§ **What the exercise asks**
Beginning at the line that holds "Hộp Bút Caro Xanh Mint", repeat every line through the last line of the material, exactly, and drop any pictures.

§ **Data excerpt**
§ §
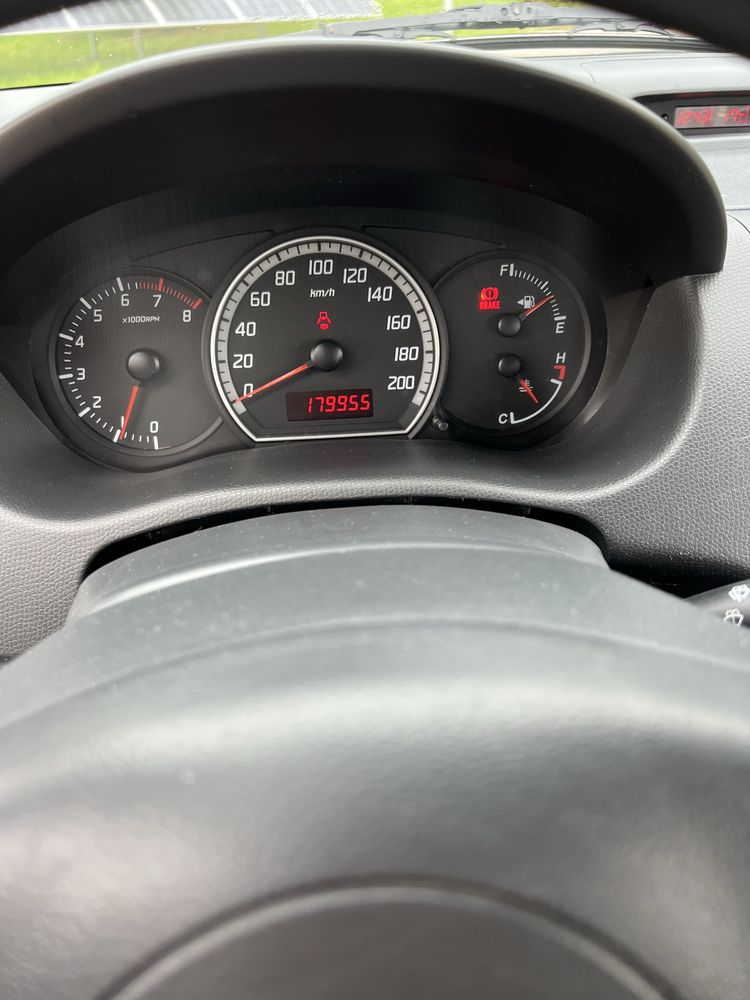 SUZUKI SWIFT 1.3 Benzyna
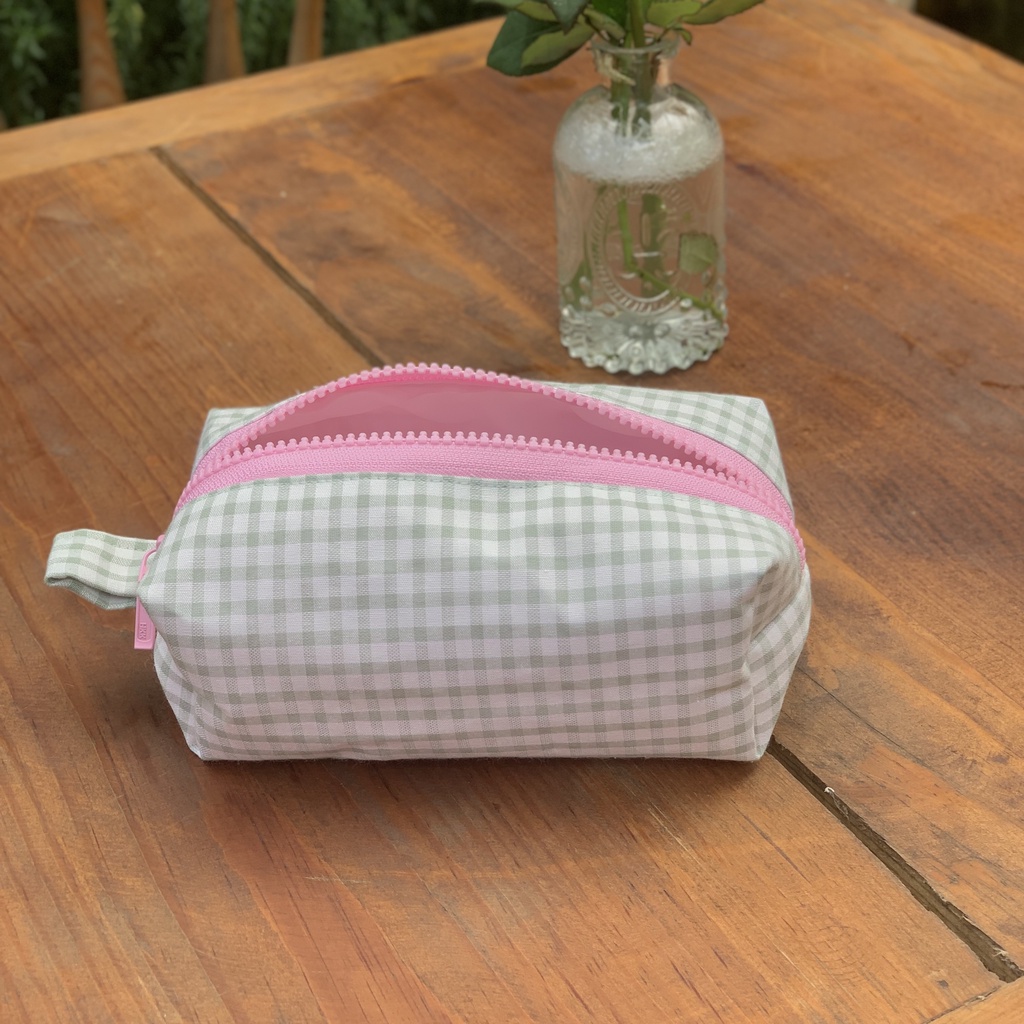 Hộp Bút Caro Xanh Mint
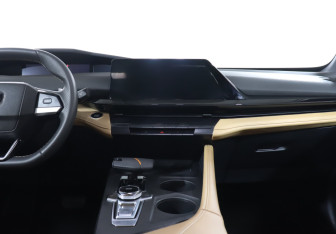 Подержанный автомобиль Changan UNI-V 2023 года (14 фото)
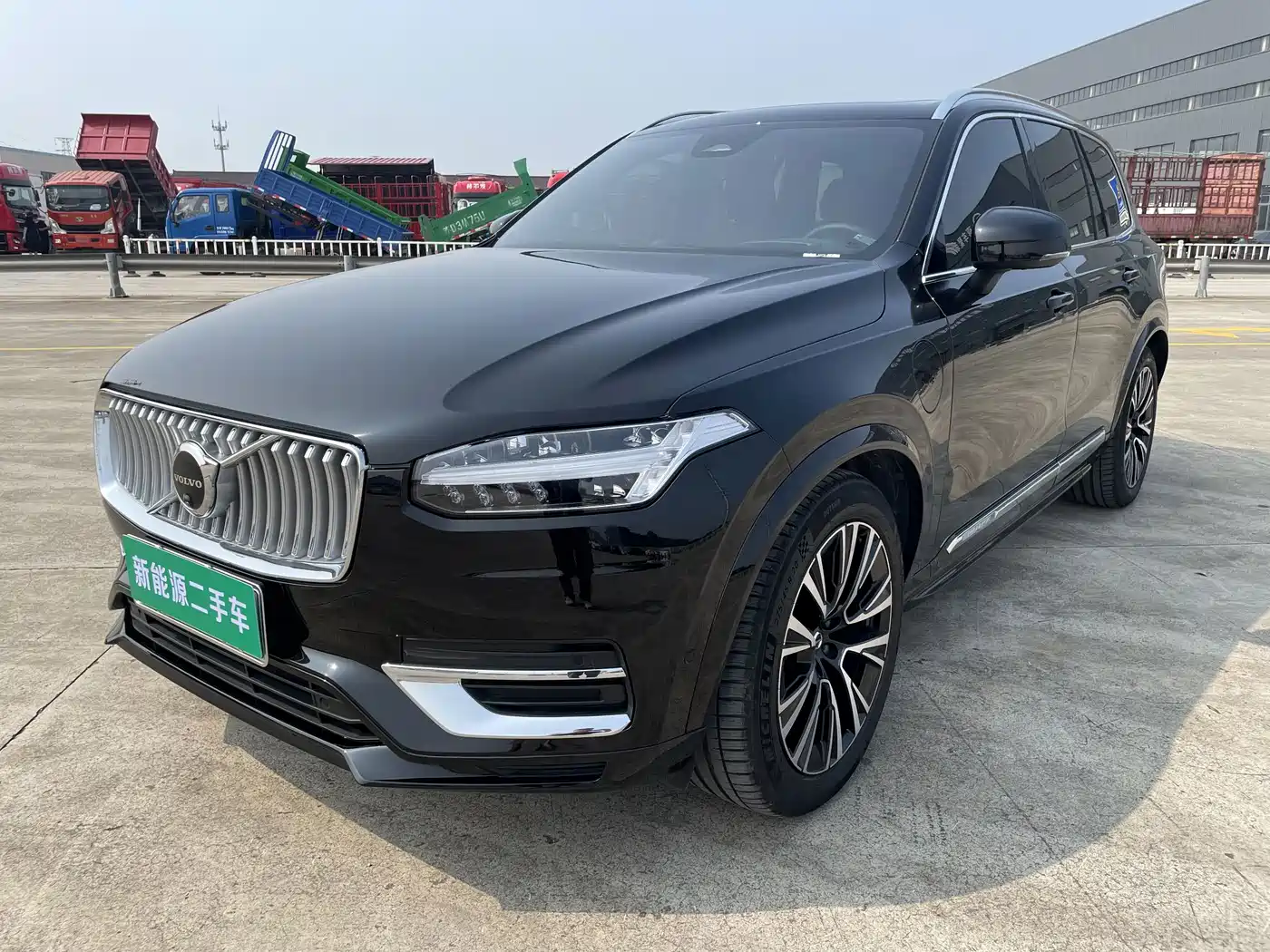 Volvo XC90 Plug-in Hybrid 2023 2024 T8 Premium Luxury 7-Seater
§ §
§ **Response to the exercise**
 Hộp Bút Caro Xanh Mint
 Подержанный автомобиль Changan UNI-V 2023 года (14 фото)
 Volvo XC90 Plug-in Hybrid 2023 2024 T8 Premium Luxury 7-Seater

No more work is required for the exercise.